With Panikkar, as you said, this was a man who just did not keep quiet at all. He produced this proliferation of work until he died. For me, the challenge became: how do you parse that? I believe a person’s writing tells you greatly about who they are, particularly when they’re writing on subjects as complex as Panikkar was writing on. It also tells you what they’re thinking at a given point in time, set against a certain context. Most of Panikkar’s writing, as you can see by the years in which it was published, is set against giant moments, whether it’s Jallianwala Bagh or the Second World War.

So it became important for me to read everything he wrote in English – I did not look at his Malayalam work – to understand who this man was, what his worldview was, and what his perspectives were on nationalism, citizenship, and what India should look like constitutionally. With both Menon and Panikkar, it was a very different challenge archivally.

How did they envision post-colonial India?
Both of them worked very differently to imagine post-colonial India. I think they also approached it very differently. VP Menon chose to stay within the parameters of an Imperial Secretariat and work from within to change the system. Panikkar chose the most extraordinary path. He was a professor, he was a diplomat, he was working in the princely states, he was writing about federalism, and he was Secretary to the Chamber of Princes. He chose a very, very unconventional career path.

But fundamentally, the question he began asking in Oxford was, “Who is an Indian?” What does it mean to be an Indian in an age of empire, versus what does it mean to be a citizen of your own country? That is something you see persisting throughout all his writings, whether it’s on foreign policy or history.

So you see both of them working very differently to get to the same vision. And I think what that brought home to me is that you can actually work very differently to get to the same point. Just because somebody is doing one thing doesn’t mean everybody has to do that one thing. You can approach the same answer differently as well. I think both of them typified that.

Menon seems like a far more elusive figure than Panikkar, both because of his work and the person he was.
Very elusive.

With so little information, how did you shape Menon’s character through his elusiveness and bring that to life? Did you handle Panikkar the same way, or differently?
With Menon, I was also dealing with a lack of personal information, despite being his great-granddaughter. There are parts of every family’s history that remain silent, no matter how much you try to dig around them. And with Menon, one of the greatest absences and silences was around his first wife. If she had not had two sons, one of whom is my grandfather, I would not have known she existed. She was completely expunged from family records; there is no documentation about her. I had to build the facet of his personality based on that silence, based on the impact it had on his sons, and on the kind of trauma it left them with.

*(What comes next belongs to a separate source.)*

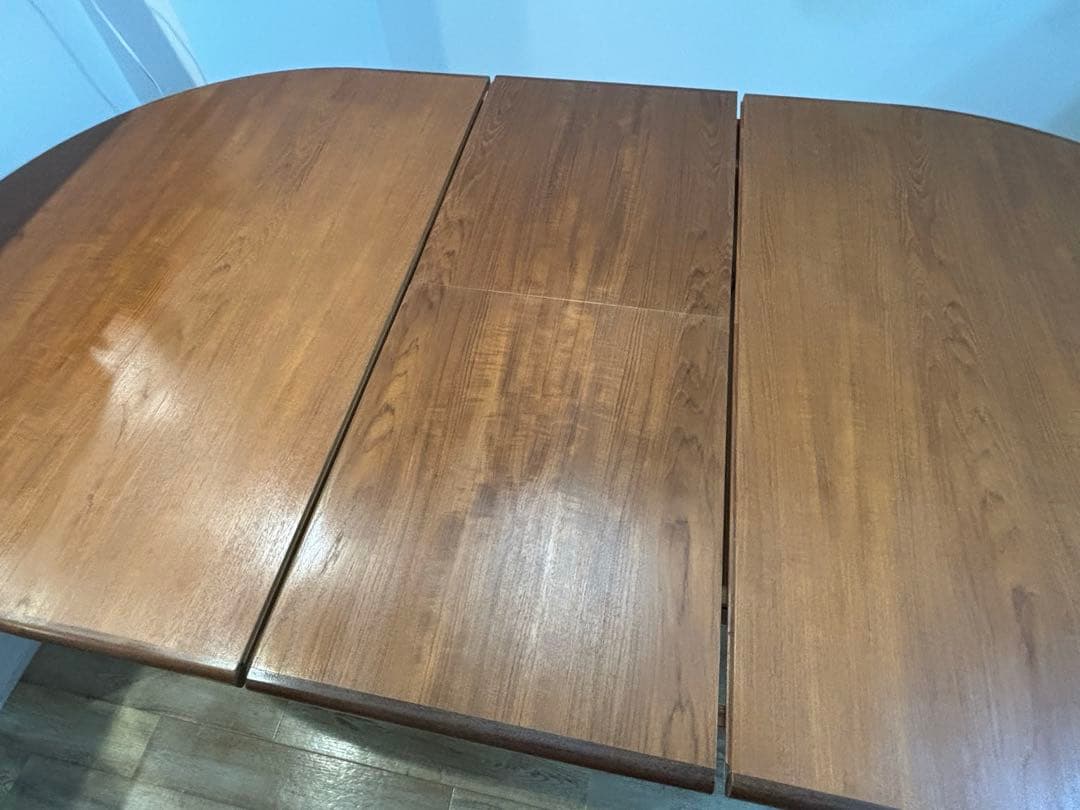 ★最終値下げ★ G-PLAN/ジープラン　オーバルエクステンションテーブル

That became something I, thankfully, had a great amount of distance from, because I never knew him. I didn’t know my grandfather’s either, because they died long before I was born. So I was removed enough to look at it objectively. But at the same time, it was startling to me that an entire human being could just not exist, and nobody wanted to talk about her, nobody wanted to remember her. That, to me, was very sad, because it’s unbelievable. I think the one moment he became real as a person was when I listened to those recordings and heard his voice. Suddenly, he was a real person. I could hear his accent, I could hear his voice rising when he got excited or agitated, and I could hear him laughing or chuckling about something. It just made him real at that point.

With Panikkar, I didn’t have that – he’s not related to me. But I had to construct what I found of this man from the archives, plus whatever my family remembered, whatever they were willing to talk about, and also what they were not willing to talk about. I do feel there is always a story in the silences as well as in what is said.